The head of the Wagner private military group has denied trying to overthrow the Russian government but redoubled his criticism of the country’s defence establishment in his first public comments since Saturday’s abortive march on Moscow.

In an 11-minute voice recording posted on Telegram on Monday, Yevgeny Prigozhin said his goal had been to protest against a recent decision to disband the militia and demonstrate the weakness of Russia’s domestic defences.

“We didn’t have the goal of toppling the existing regime, which is lawfully elected, as we have said many times,” said Prigozhin, who did not refer to President Vladimir Putin by name.

Instead, he wanted to “prevent the destruction” of Wagner and to hold to account those who “with their unprofessional actions, made a huge amount of mistakes” during Russia’s invasion of Ukraine.

His forces’ armed convoy came close to Moscow on Saturday evening in what Prigozhin termed a “march for justice” but abruptly turned back, ending the rebellion.

“Our decision to turn around came from two important factors,” he added. “The first was that we did not want to spill Russian blood. The second, we were marching to demonstrate our protest, not to unseat the government.”

Until the message on Monday afternoon, Prigozhin had not been seen or heard from since he drove away from the southern army headquarters in Rostov-on-Don that his Wagner militia briefly took over on Saturday. The Kremlin said at the weekend that the case against him “will be ended” and claimed Prigozhin had agreed to leave for Belarus. However, earlier on Monday state media reported that he still faced prosecution.

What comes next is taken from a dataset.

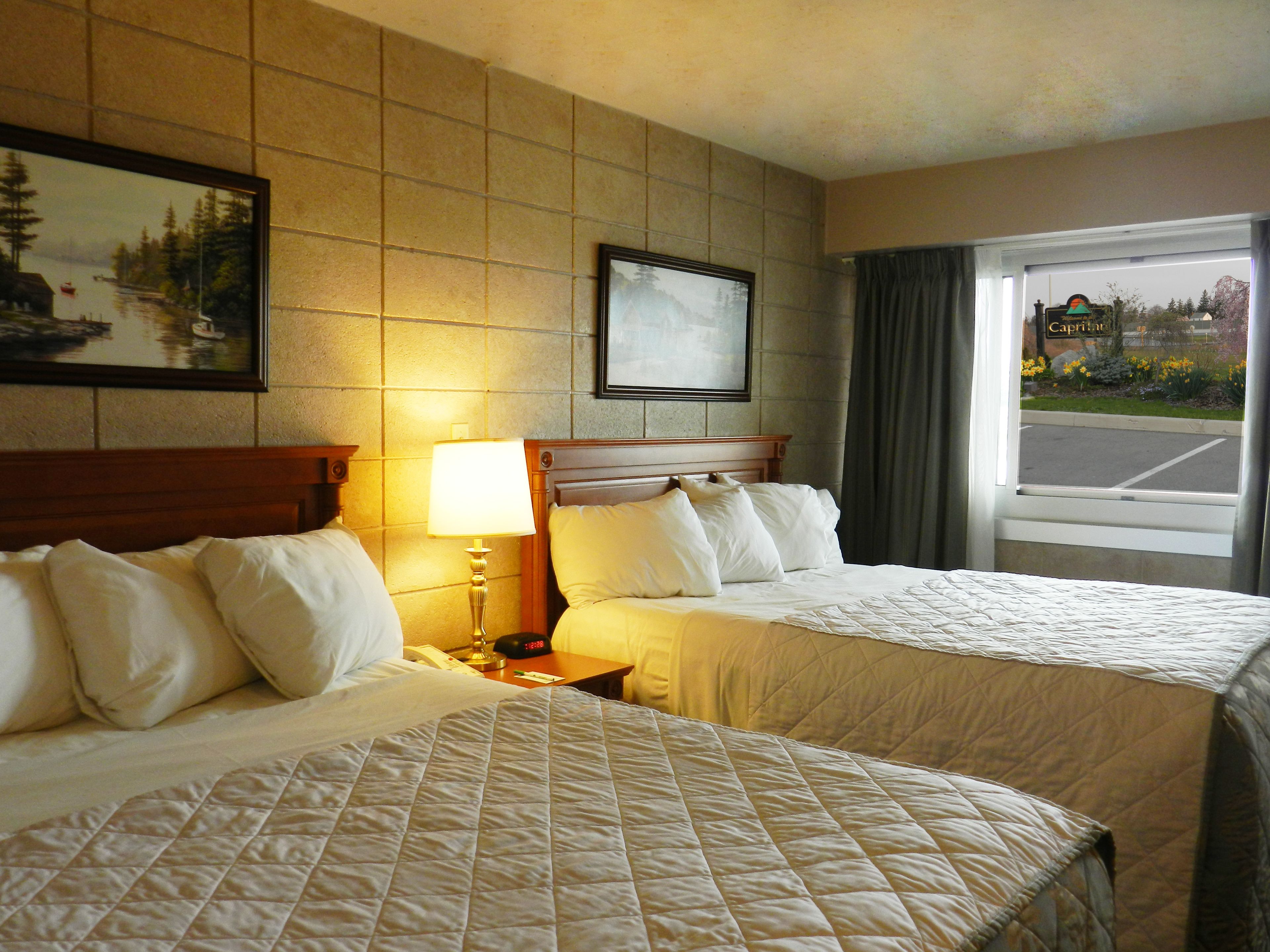 standard room, 2 queen beds, non smoking | premium bedding, pillow-top beds, in-room safe, individually decorated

The warlord has railed against the leadership of the regular Russian army and against defence minister Sergei Shoigu for many months, accusing them of killing tens of thousands of Russian soldiers through corruption and poor planning.

The long-running feud came to a head in June after laws were passed to make all irregular forces — of which Wagner is the largest and most prominent — pledge allegiance to the defence ministry and subsume them into its structure.

Prigozhin said Wagner had been told it was being disbanded by July 1. But commanders and fighters, he claimed, were unwilling to cross over to the regular army, considering its poor performance and the risk this posed to their own survival.

Yet Wagner was willing to proceed as ordered, Prigozhin claimed, and was packing up its military equipment last week, planning to head to Rostov-on-Don in convoy on June 30 to hand everything over to the army.

Then on Friday, he claimed, Wagner base camps were hit with air strikes by the Russian military, killing over two dozen of its troops. A similar account was denied by the defence ministry on Friday evening.

“This was a trigger for us to decide to move out immediately,” Prigozhin said.

In his voice note on Monday, he also bragged about Wagner’s successes.

He said that if the army had had the same level of training and morale as Wagner, the invasion of Ukraine, which began on February 24 last year, “may have taken no more than a day”.

He said that his rapid progress during the weekend’s march — though it occurred within his own country — illustrated this fact.

“We demonstrated the level of organisation that the Russian army should have,” Prigozhin said, claiming that his forces crossed a total of 780km and stopped just 200km short of Moscow.

“It was a masterclass in how February 24 2022 should’ve looked.”

He said the militia not only managed to seize Rostov-on-Don, a major southern city and military HQ, but also managed to disarm the military obstacles placed in its way, and take over all the bases and airfields that lay in its path.

Residents, moreover, had been happy to see Wagner pass, Prigozhin claimed. “Civilians met us with Russian and Wagner flags . . . Many of them continue to write words of support, and others are disappointed that we stopped.”

The Kremlin did not immediately respond to a request for comment.